What teaching can we draw from Pentecost? There is a certain analogy between the Feast of Pentecost and the Secret of Mary: up until that moment the Apostles did not see, understand, or act well; there was something heavy, a stuck-on-self clumsiness about them whereby they would not get out of that rut. With Pentecost, all of a sudden everything changed as they received the grace that you all know. That grace came to them through Our Lady: fire hovered upon her head and then spread to the Apostles to indicate that She is the Mediatrix of all graces and that everything comes through her. And from that moment onward, everything changed.

How closely this resembles the “Secret of Mary”! There was only one Pentecost and there will never be another till the end of the world. But events analogous to Pentecost can happen. In other words, at a given moment, those who are gathered and praying and join Our Lady in prayer can be visited by grace, a sudden and extraordinary grace. And even the most opaque, lukewarm and wayward can suddenly become fully inebriated with the Holy Ghost.

We are at a time when the spirit of darkness advances more and more and appears to dominate everything. Would it not be logical, symmetrical, reasonable and proportional that at the moment when the Holy Ghost seemed completely banished from earth, He would suddenly return? Return with a great thunderclap, and then all things would begin to change? This is something conceivable. Who knows if the Grand Retour we wait for will happen in this way! I am not making a prediction, only a hypothesis. Who knows if at a certain moment, an event, fact or grace will change us all and we will finally become what we want to be and what we must be?
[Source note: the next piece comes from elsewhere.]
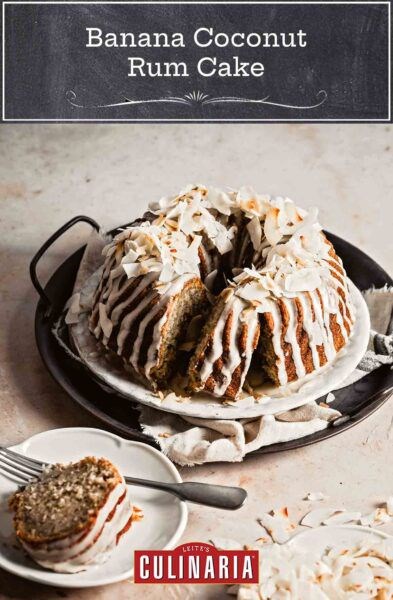 Banana coconut rum bundt cake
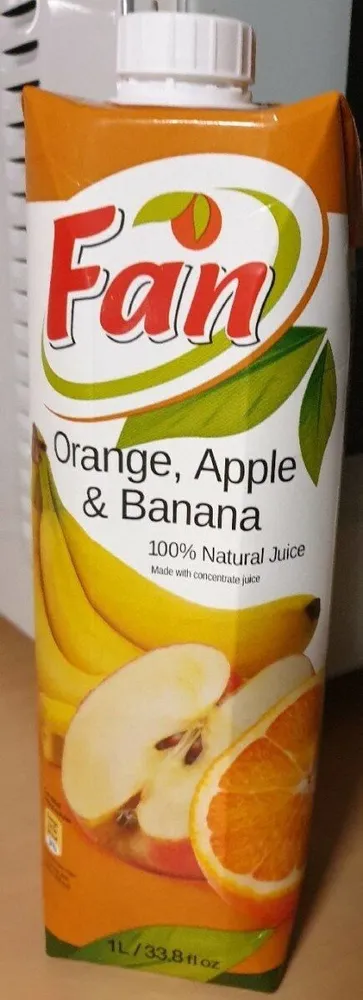Jus de fruit orange pomme banane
At any rate, we should spend Pentecost day bearing in mind this notion that the Holy Ghost is received at the feet of Our Lady; and that he who receives the Holy Ghost, receives the very source of all grace and is thus entirely converted.

Therefore, by asking, asking and asking, closely united with Our Lady, we will suddenly obtain the grace we have so arduously desired but through our malice and lack of correspondence have failed to correspond to sufficiently and so we linger in this blindness, exactly like the Apostles, who also fought somewhat to obtain it but corresponded only incompletely and thus remained in that state. At a certain moment, everything was transformed. This is where that beautiful prayer of the Liturgy comes in: Emite spiritum tuum et creabuntur, et renovabis faciem terrae – send forth Thy Spirit and all things will be created – and Thou shalt renew the face of the earth.

So we should present this prayer to Our Lord Jesus Christ through Our Lady: Send the Holy Ghost to this rotten, revolutionary, corrupt, wayward, blind and boobish world and all things will be, as it were, created anew; everything will flourish afresh. And Thou, O my God, will have renewed the face of the earth. The face of the earth is full of ruins, garbage and one would say all that is left begs for an exterminating fire to come down and burn it. Yet, with grace the earth can be renewed.

Let us ask her to obtain that the Holy Ghost is sent to the world so we take on a new life and the face of the world is renewed. This is what we should ask tomorrow with confidence, fidelity and faith: Ask during the Rosary, Communion, and with ejaculations throughout the day. I am certain that this prayer will be heeded; because if it is true that if you knock it will be opened and if you ask it will be given, this applies above all to the prayer asking for the Holy Ghost; and it the Holy Ghost is precisely what Our Lady wants to give us the most. All other graces are collateral. What Our Lady wants above all is for us to have the good spirit of which the Holy Ghost is the source, matrix, and thus sanctify ourselves.

So let us ask her for that which She wants to give us, certain that we will be heeded. If it does not come right away, it will come in a while; the longer it takes, the more abundant the grace will be. In this sense, tomorrow may be for us a great day.